However, growth doesn't come cheap, and Jones doesn't hide the fact that it is going to spend more on sales and marketing in the near term to better position the company. On its fourth-quarter conference call, Jones management stated that it had made a number of new hires and increased promotional spending, and we wouldn't be surprised to see this spending continue into 2005 and weigh on the company's margins.

That said, Jones had $644,000 in cash and very little debt at the end of the third quarter, and with the company generating positive operating cash flow now, we are not concerned about its ability to fund operations over the near term. Also, Jones has a $3 million revolving credit line that it has yet to draw on.

We believe potential catalysts that could drive the stock higher include a listing on the Nasdaq; more research coverage; and continued execution that leads to new distribution agreements and increased sales. Given the company's small float of just 20 million shares and lack of institutional following, achieving any one of these could lead to a meaningful spike in the stock.

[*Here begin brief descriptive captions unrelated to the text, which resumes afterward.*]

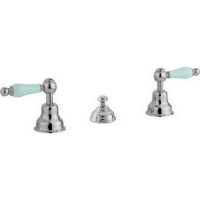 CISAL Arcana Toscana Смеситель для биде на 3 отверстия без излива, с донным клапаном, цвет хром/белый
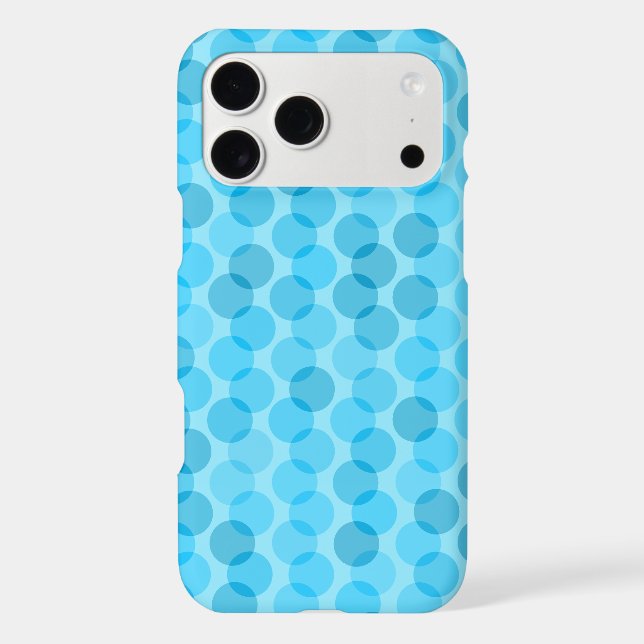 light blue and turquoise layered polka dots iPhone case (Back)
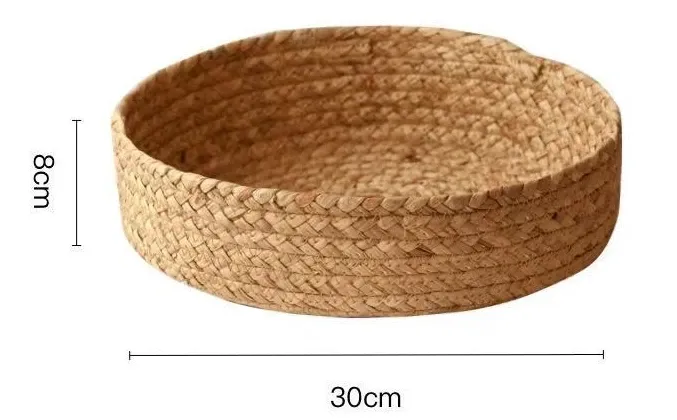 Aufbewahrungskorb, aus Stroh, gewebt, für Obst, für Zuhause, Badezimmer, Tischplatte, für verschiedene Artikel, Snacks, Spielzeug, Aufbewahrungskorb_voghion.com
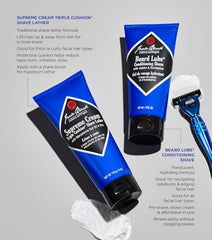 Saturated lather from Jack Black Supreme Cream triple cushion foam ready to apply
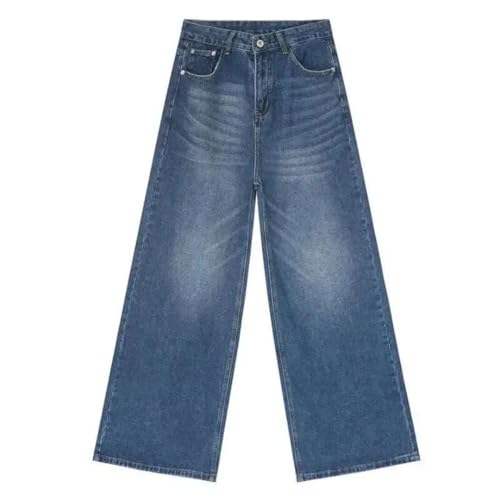 Men's American Style Jeans Gradient Color Button Pockets Straight Wide Leg Denim Pants3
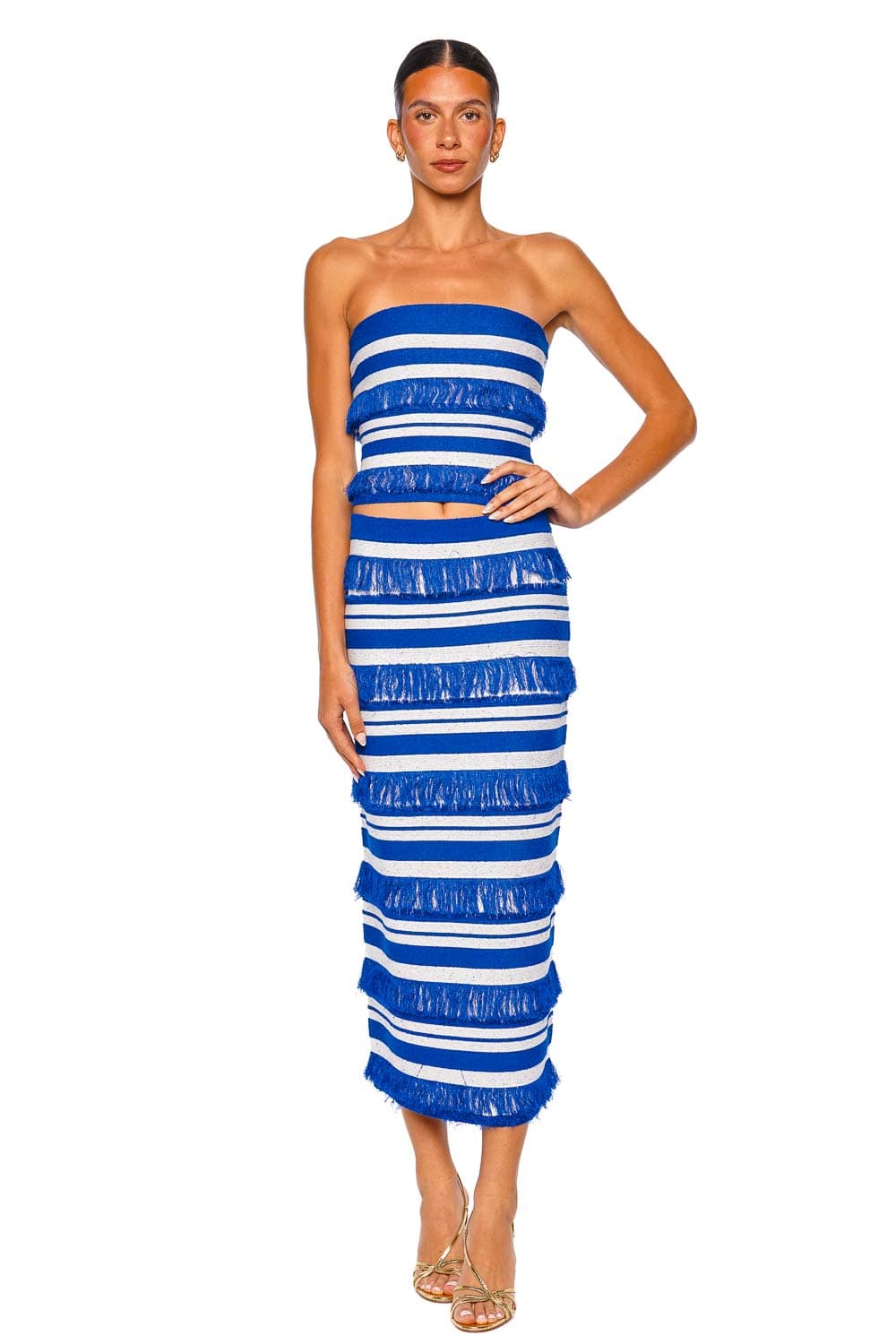 blue tube top dress Simkhai Cairo Royal Stripe Fringe Knit Tube Top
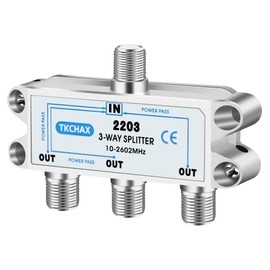 TKCHAX TKCHAX 3 Way Coaxial Cable Splitter,Support 10-2602MHz, RG6 Compatible, Nickel-Plated for Cable Splitter,Work with CATV, Satellite TV,Antenna System and MoCA Configurations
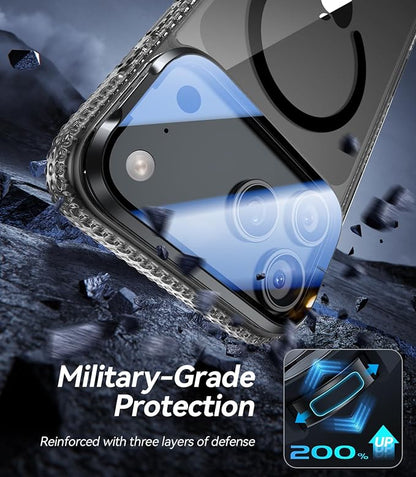 [Upgraded Full Camera Protection] for iPhone 17 Pro Case with Camera Cover Stand [Fit for MagSafe][10FT Mil-Grade Protection] Transparent Magnetic iPhone 17 Pro Phone Case, Clear Black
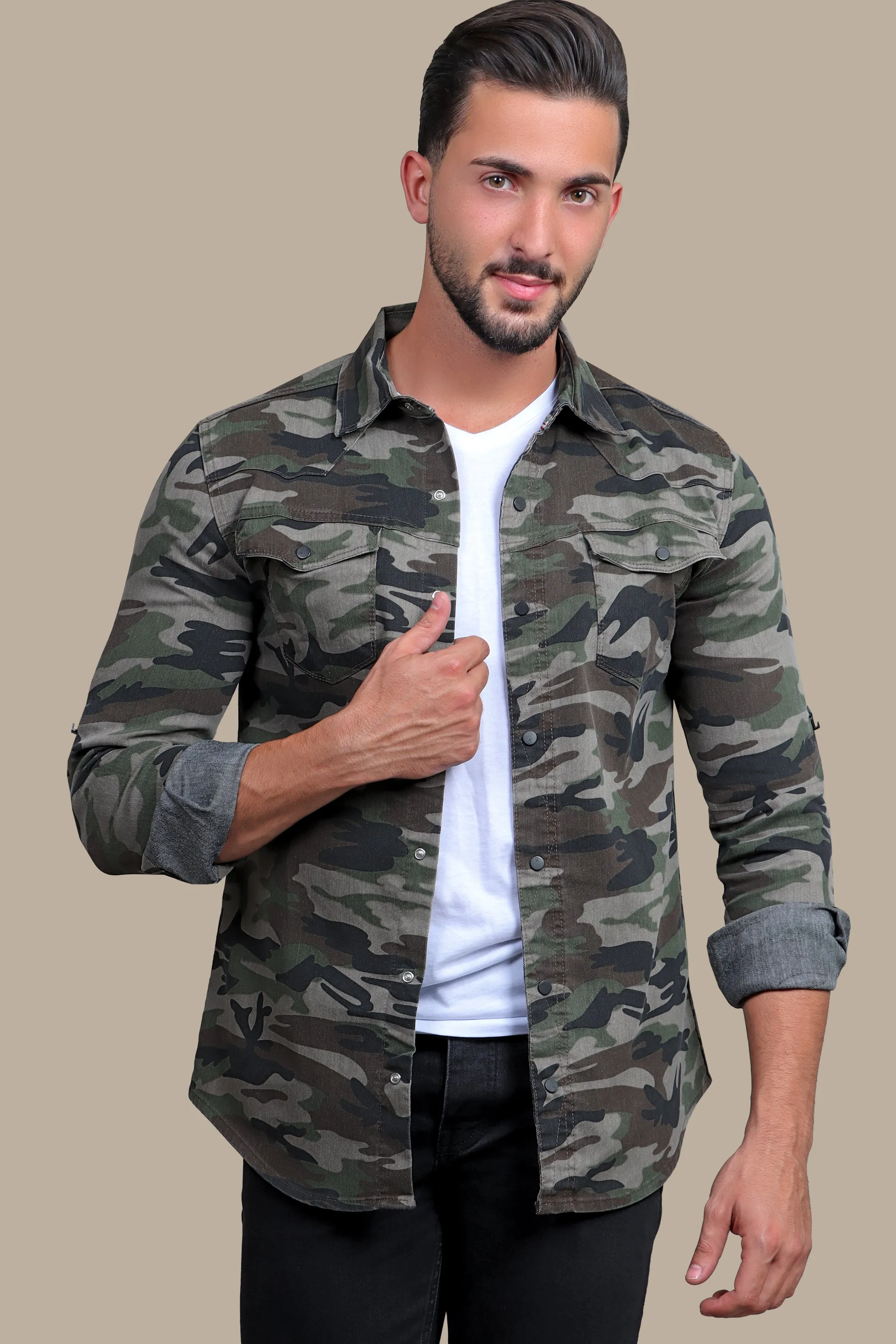 Urban Camouflage: Green Overshirt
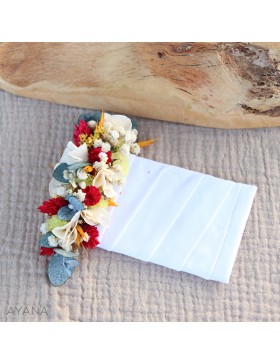 Boutonniere pochette MINUTIE fleurs eternelles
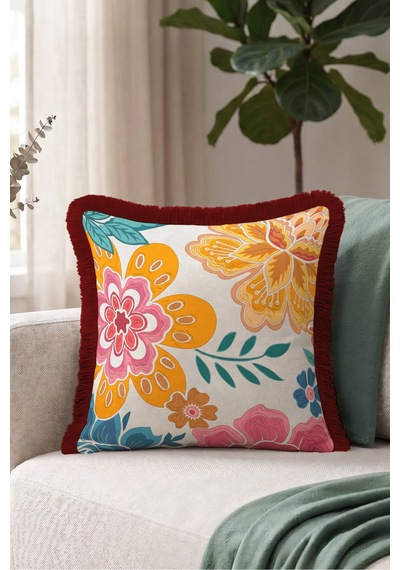 Boho Çiçek Motifli Saçaklı Yastık Kılıfı-tropik Botanik Retro Turuncu Bordo Püsküllü Kırlent Kılıfı Haki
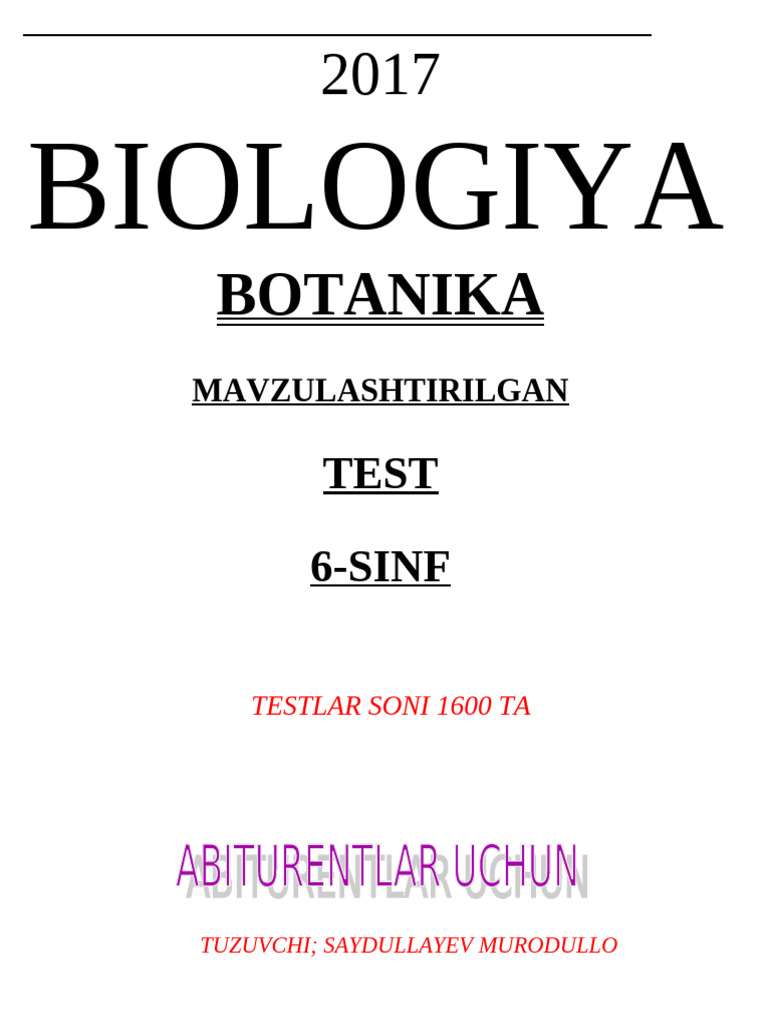 6-Sinf Mavzulashtirilgan Testlar To'plami | PDF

In order to qualify for listing on the Nasdaq, a stock must have an average trading price of $4 a share for 90 days. With shares currently trading above $4 a share and with volume on an upswing, we believe the company will make its way off the bulletin board in the not-too-distant future. In turn, this will increase institutional interest and analyst coverage.

We will update you readers as this story progresses, but we will remain on the sidelines given Jones' bulletin-board status.

William Gabrielski is a research associate at TheStreet.com and is accredited with a Series 7 license. In keeping with TSC's editorial policy, he doesn't own or short individual stocks. He also doesn't invest in hedge funds or other private investment partnerships. Under no circumstances does the information in this column represent a recommendation to buy or sell stocks.

David Peltier is a research associate at TheStreet.com In keeping with TSC's editorial policy, he doesn't own or short individual stocks. He also doesn't invest in hedge funds or other private investment partnerships. Under no circumstances does the information in this column represent a recommendation to buy or sell stocks. They welcome your feedback and invite you to send your comments to

stocksunderten@thestreet.com.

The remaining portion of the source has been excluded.